When you need to memmove your whole vector you're going to thrash a lot more of the cache lines than when you touch 2 neighbor cache lines.


Assuming that your list elements are in the neighboring cache lines (also how it compares to vectors in real life performance, as opposed to time complexity, really depends on how often your vector has to grow for your workload.. often a reasonable size can be chosen up front to minimize this, for example), but your point is of course valid.

Though I have seen vector-like structure implementations that ocmbine arrays and linked lists so that when you run out of space, it allocates a new array and links it to the end of the old array. I've implemented memory pooling systems like this myself. Works well, because as long as you know which bucket/array the element is in, you have random access and you also have good linear scanning performance, and extending the size doesn't require memmove's.

I'm not saying that linked lists have no uses (my original comment about never was not meant quite serious - never is much too strong a word) - they certainly do - but I am saying that I feel they have much more limited use cases than most people seem to think.

I agree that intrusive linked lists have many advantages that non-intrusive linked lists do not have. The main advantage of intrusive data structures is, as you said, that membership in multiple structures is in one place allowing constant time deletion from all structures.

Replying to your other comment:

Deleting from the middle of the list is an extremely common requirement, when you have objects that need to be enumerable in some order[s] and sometimes deleted.

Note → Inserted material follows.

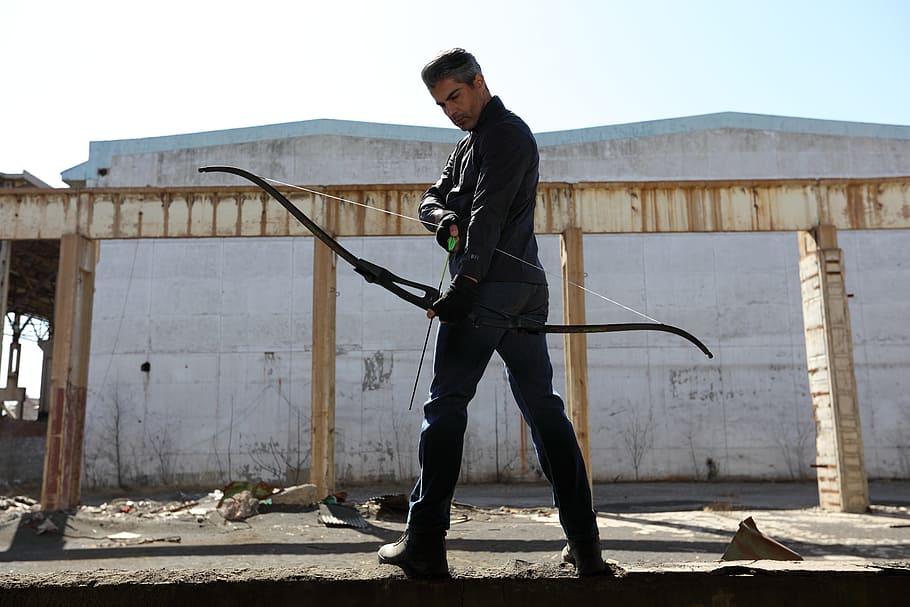 man holding black bow, warrior, dark, bow and arrow, one person HD wallpaper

I don't know what work you do in C or C++ (in other languages, I happily use their lists data types without caring if they used linked lists under the hood, because chances are, if I care about absolute performance, I'd have been using C or C++ to begin with), but in my own work, requiring both order and common insertion/deletion in the middle has been rare - or the elements and lists were so small that linear scan and copy was fast. But I guess it depends on your work, your logic here certainly sounds reasonable to me.

When you need indexing, use a vector. When you need quick add/remove, use lists. When you need both, use both.

Sure, you could use, say, a vector of elements that are themselves nodes in an intrusive linked list. Using a random access data structure to index another data structure is something I've done myself. I suppose I'm mostly arguing against the naive use of linked lists that seems to be rampant, because I think that most uses do not do all the interesting things you mention, in which case, IMHO, my points still stand and linked lists have a narrow use case.

You don't need to jump around. Say you have a request object you found via a hash table. After handling it you decide to destroy it. You now want to delete it from various lists it is in. You can do it on all lists in O(1) for each list. This is relatively cache-local (only need 2 extra random accesses, potential misses, for each list).

See, this is the kind of thing that I was looking for when I asked you to elaborate. You're not really using the list as a convenient growable array replacement (as you say yourself, you don't think of them as containers), you're using them as a secondary structure to maintain order in cases where middle removal or insertion is important (or maybe the other data structures are the secondary ones.. whatever). I think I better understand what you meant all along now and your reasoning makes sense to me, I can definitely see the use of this and agree that the problems of linked lists basically boil down to the following: they're seen as containers.

I think in that case, everything I said is totally true. I was definitely somewhat wrong about intrusive lists in the cases where some combination of these are true: another structure is used when lookup is needed, middle insertion/deletion is common, copying is expensive, order is important, elements are members of multiple lists where membership is commonly modified together.

I regularly have my data objects within a hash table, a list, and a search tree simultaneously and efficiently, with no dynamic allocation to sustain any of that.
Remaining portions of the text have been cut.